Tonight was case in point because my tasty plans had fallen apart to the degree that two frozen lasagnas were cooking in my oven and I was at the grocery store on a Friday evening to buy bread and a ready salad.

By Friday evening my kids are tired after a week of school. Also, it is May, so my kids are also tired from a year of school. The little guy is potty training and missed his nap today and I am dragging them all through food-option-nirvana on empty bellies.

My daughter refuses to walk and is sitting in the cart pulling it around by reaching to whatever half-permanent object is closest. Every time I turn around the cart is five feet away. My little one is standing in the cart and eating grapes off the produce shelf. My seven-year-old has his nose buried in a book and is basically stopping wherever is most inconvenient for everyone else.

(“Put down your book!”)

As we make it to the checkout, things are devolving fast. The toddler has figured out how to lift the bottom of the cart and slide to the floor, which he is doing. My almost-six-year-old daughter is trying to read the US Weekly (“I want to read a magazine!”) which I am trying to distract her from.

(“Read this food magazine.”
“It’s boring!”)

I have fifteen items in a fifteen item express lane and three of my items are a twin loaf of bread, a bunch of bananas, and a bag of grapes. I am pushing it across the board.

The guy behind me strolls up, middle aged, glasses, with ten, I swear, microwavable ready-packs of Dinty Moore beef stew and about seven pounds of zucchini. I don’t know what the heck he’s got going on tonight but this bachelor sure as hell doesn’t have time for the circus I got going on right here.

My eldest has stopped reading his book long enough to make his sister dissolve into a puddle of indignant victimhood on the floor.

(“Just, stand over there and read your book!”)

My baby is back in the cart via “the new route” and is shaking the coin machine at the checkout.

At this point a fellow mother from school comes in (you know who you are). She’s alone, has her cart, takes one look at me, and laughs. That was the picture I was painting at that moment.

So, the middle-aged Chinese lady, that is my sympathetic cashier (“You very busy.”), scans my beer.

“You get some beer, I need to see ID.”

I, getting out my driver’s license and trying to placate Mr.

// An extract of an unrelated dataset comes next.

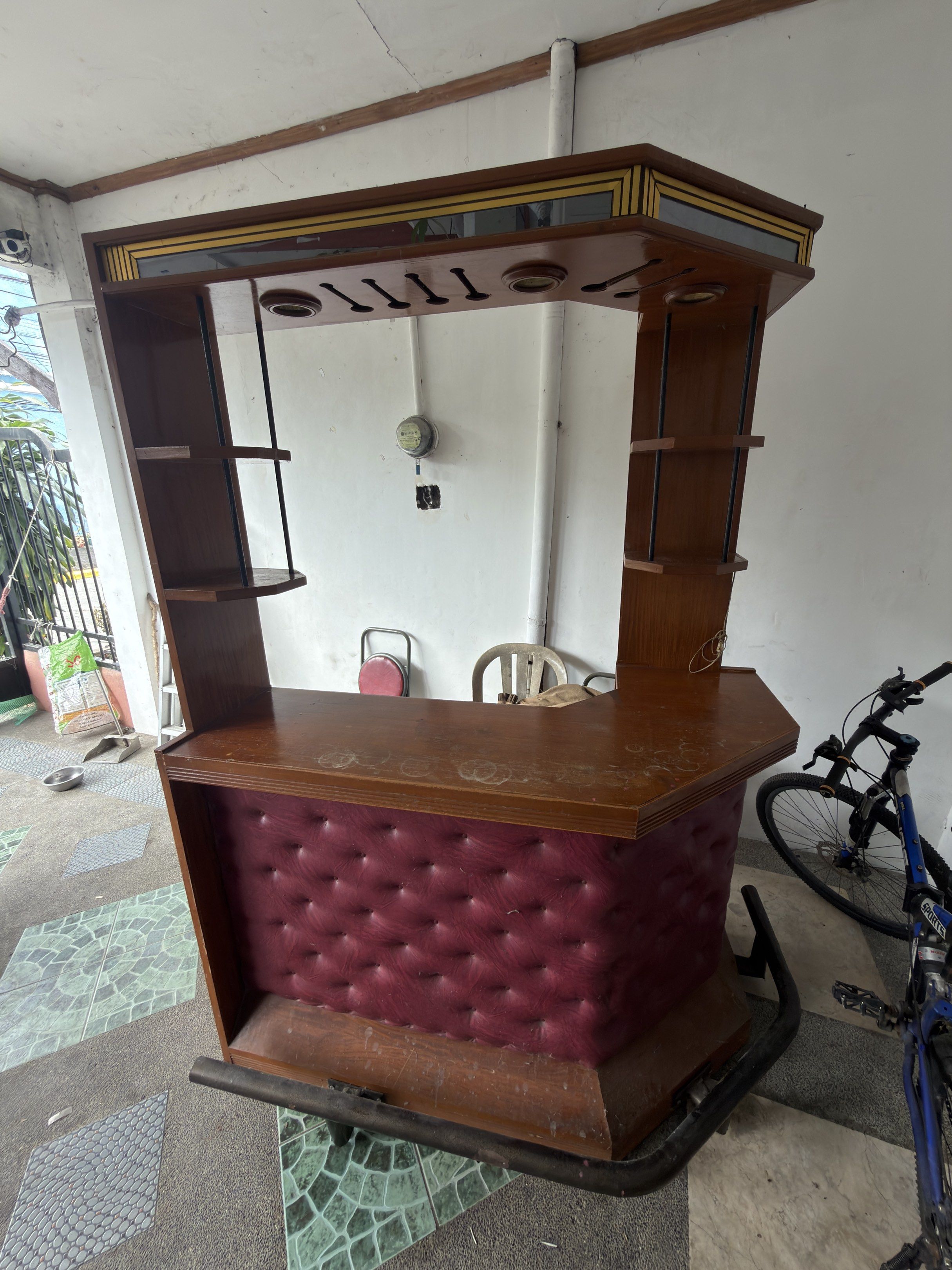 Wooden Bar with Shelves (Category: Shelves, Cabinets & Racks) located in Manila. Submitted by khaazzii11 (Listing ID 1419730047, Image 3). Description: - Wooden bar with multiple shelves - Built-in wine glass rack - Countertop included - Burgundy upholstered front - Built-in lighting - Unique corner design with side shelving - Perfect for home entertainment or small business use.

Dinty Moore who is strangely unresponsive as my daughter wails at his feet, crack a joke, “And I earned every ounce.”

And this is why you should never EVER card a mother of three children. Because, people, my driver’s license had expired… on my birthday… in January.

(My eldest was loudly fascinated, “Mom, your ID expired?! What does that mean? It’s expired?! Can I see? So, you can’t get your beer?”
“Go read your book.”)

The Chinese lady grimaced as she slowly removed my beer from the belt. She regretted checking my ID now, thought it was going to be a great treat for everyone, and as much as it hurt me I could tell it stung her a little, too.

I don’t mind admitting that it’s a defeated Barbara who wrangled three kids into the car, without beer, and now thinking about DMV visits. (Argh!)

These days the toddler takes a while to get into his seat. He likes to play this really funny game where he jumps into the front seat right when I open the back door and jump back into the back seat when I open the front door. So, as badly as I wanted to be gone and home it took us several minutes before I could sit back in my seat.

Then, there was a knock on my window.

Who is it, but Mr. Dinty Moore himself and— he’s holding my beer.

“You bought me my beer!” I yell at the window. I rolled down the window.

I swear he said nothing, just smiled, handed me the beer, and walked away.

(“He bought your beer?! That guy bought your beer? Why did he do that?! You couldn’t buy beer because your ID had expired, right?”)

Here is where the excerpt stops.